That’s a great question. We just get that night. So if the weather is bad or if the instrument breaks we’re out of luck because other nights are assigned to other astronomers so there’s no room to reschedule. So hopefully (fingers crossed) the weather will be good, things will go smoothly, and we’ll get some good data.
I think 10-15 candidates if I remember correctly, but then again we’re all new to the instrument so we might be a bit slower than the average times to slew to new targets and acquire images. But that’s a good probably ballpark number.
Cheers,
~Meg
I’ll use what influence I have with the weather gods. 🙂
I had the opportunity to accompany Alex Filippenko to the Keck a few years ago. He was with one of the teams that discovered “dark energy” and was observing for three nights. I think there were problems during two of those nights–not with the weather but with the instruments.
Good luck!
One more question. What criteria will you use to select the stars to observe? Do you just want some hits, that is stars most likely to have a planet, even if that planet is a hot Jupiter? Or will you be looking for those stars that might possibly have a rocky planet in the habitable zone? PH Planet candidates that aren’t duplicates with Kepler? Or just stars that seem to have something unusual going on?
Or will you decide when you get there?
Hi Ellen,
Very cool about the observing.
To answer your question. It’s going to depend on what we find over the next 6-7 months. We submitted a target list from current planet candidates with the proposal to justify the time, but once you get the telescope time you can do what you want with it, if it is classical time (meaning you’re at the telescope doing the observing versus queue observing where someone else is executing your observations).
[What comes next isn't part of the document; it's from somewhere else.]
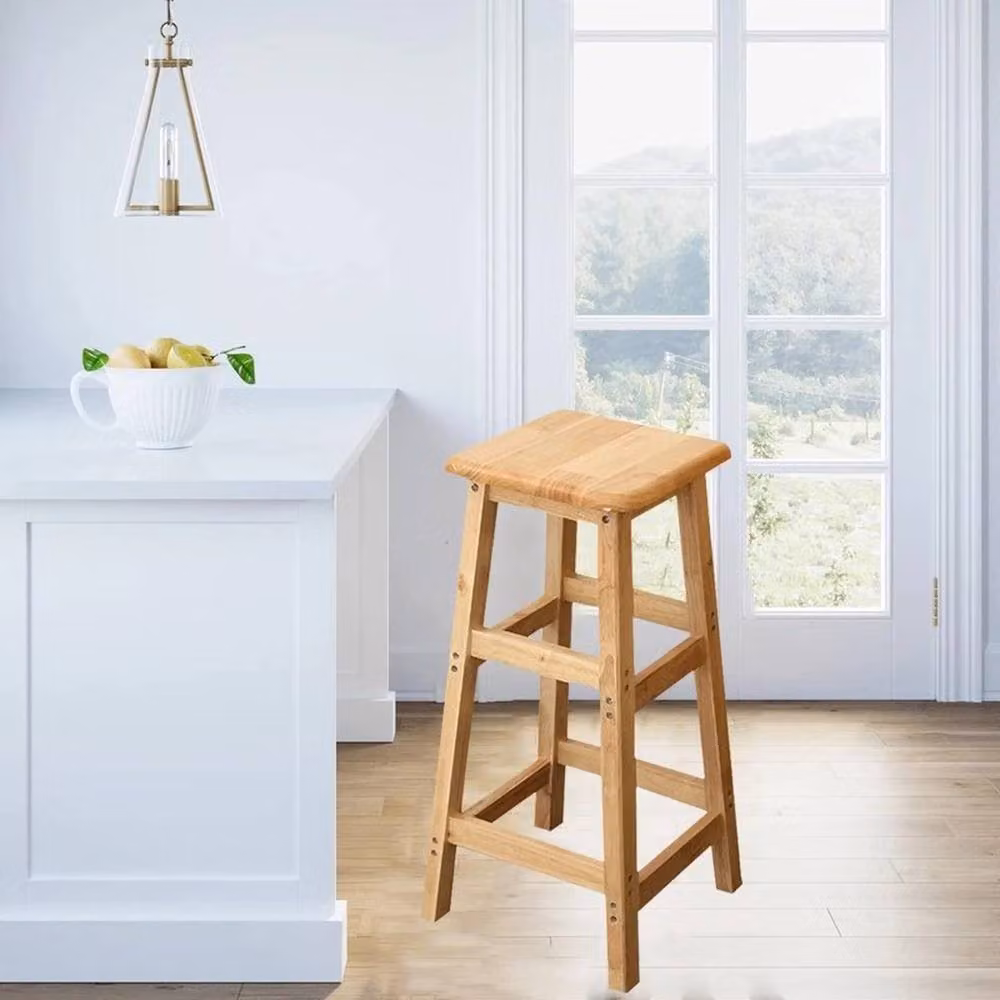 Havendro Natural Wooden Square Bench for Kitchen and Bar Use – 4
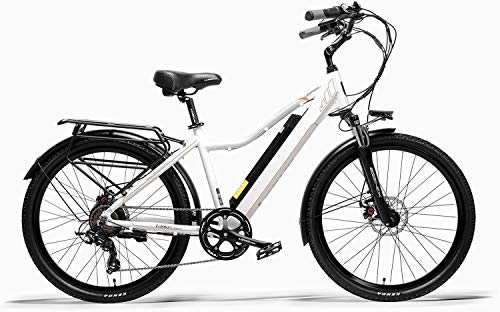 Electric Bike : CNRRT Pard3.0 26 inches electric bicycles, 300W city bike suspension fork oil spring, pedal-assist bicycles, long endurance (Color : White, Size : 15Ah)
You can decide to change your target list because you don’t submit something formally to Keck until you’re at the telescope.. On the night of the observations you upload a starlist (a list with all the locations of all the targets you may want to go to during the night). Even then you can modify the list (add/remove targets depending on the weather conditions, etc). Though we’ll try and decide much sooner what stars to look at. Probably the week before the observing run, I’ll sit down with one of our collaborators and pick through what we’ll be observing.
More interesting targets that pop over the next several months will get priority, and then we’ll fill the night with other candidates that we plan to work on further. So basically we’ll decide when we get there, or a few days before, and we’ll adjust as the night continues if need be.